* **Dataset excerpt**
= = = =

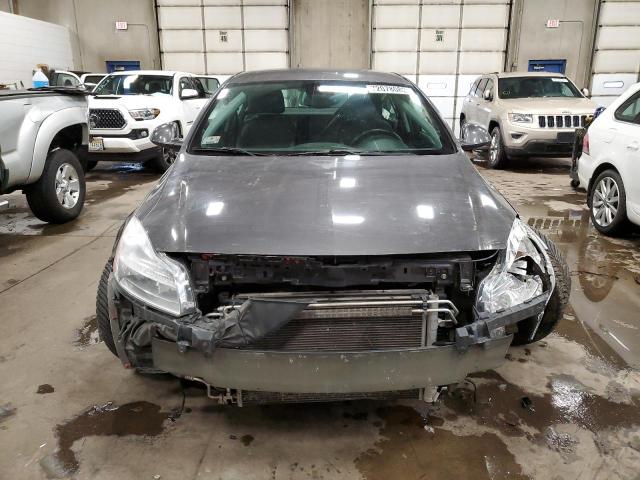 Photo 5 from auction – 2011 BUICK REGAL CXL with VIN W04GN5EC4B1060368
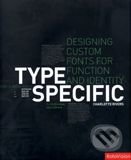 Type Specific, Rotovision, 2005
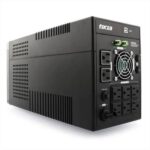 UPS FORZA FX-2200LCD (2200VA / 1200W) 8 TOMAS - Imagen 2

= = = =

Any picture in the listing above gets left out; output the rest exactly.

* **Problem solution**
 Photo 5 from auction – 2011 BUICK REGAL CXL with VIN W04GN5EC4B1060368
 Type Specific, Rotovision, 2005
 UPS FORZA FX-2200LCD (2200VA / 1200W) 8 TOMAS - Imagen 2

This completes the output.